My third trimester began at the end of June, just in time for the peak heat of Saskatchewan’s summer. Although I felt okay on the bike for the most part, I felt the heat much more quickly than normal and had to cut back on riding when the temperature soared. This meant sometimes having someone else replace me as a ride leader, occasionally swapping my cycle-commuting for driving in and opting for an evening gravel cruise with a friend who was passing through on her way to BC instead of the day of mountain biking we had planned.
In addition to the scorching temperatures, cycling in my third trimester was also hampered by a cross-country move from Regina to St. John’s. We had much to do to prepare our house and to get our lives packed up and ready for a year away. Still, I would try to squeeze in short spins after dinner to stay limber as much as possible. As I was getting heavier, I found cycling was more comfortable than going for walks, especially on my commuter which was a little more upright. It felt a little more like normal life and it was a nice change of pace to be able to move a little quicker if only for a little while.
Once we arrived in St. John’s, we were busy with work and furnishing our apartment, so I did not have much time for riding. There were other added challenges too. St. John’s is a hilly place, and there were no options for avoiding tough climbs on rides leaving from our front door. And in anticipation of my new role as a mother on maternity leave, I had left my commuter bicycle in Regina, which was the most upright of my bicycles (I only brought ‘fun’ bikes for ‘me time’)!
I did miss cycling, and so we drove out to the coast for a relatively flat ride on a nice calm day when I was at 36 weeks. Going full circle, I was back on my fat bike, my best option for comfort out of the the bikes I had brought with me. I raised my handlebars as much as I could and savoured the ride as much as possible, knowing it would be my last ride unless I bought a new stem to improve my fit. With only four weeks to go, that didn’t make much sense to me, and cycling gave way to hiking in to nice swimming holes whenever possible. This pretty much fit with my expectations of being in St. John’s, as last time we lived here we spent more time backcountry camping along the coast than cycling.
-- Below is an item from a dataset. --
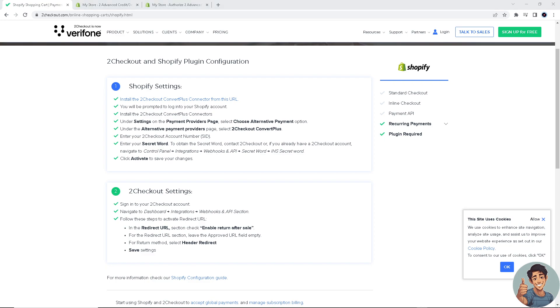I suggest you go to the 2Checkout help center section where they provide 2Checkout and Shopify plugin configuration. For Shopify settings, which we did earlier, install the 2Checkout Convert Plus connector from this URL, and then you'll be prompted to log into your Shopify account.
I was fortunate to have had a very manageable pregnancy all the way through, and I am thankful that this enabled me to continue to be active throughout the experience. Cycling during pregnancy helped me by keeping me fit, connected with friends, and in tune with my body. It was certainly challenging at times to adjust to the new me after years of focussing on increasing pace and distance, but learning how to find ways to keep doing something I love has also been good preparation for the next chapter in my life!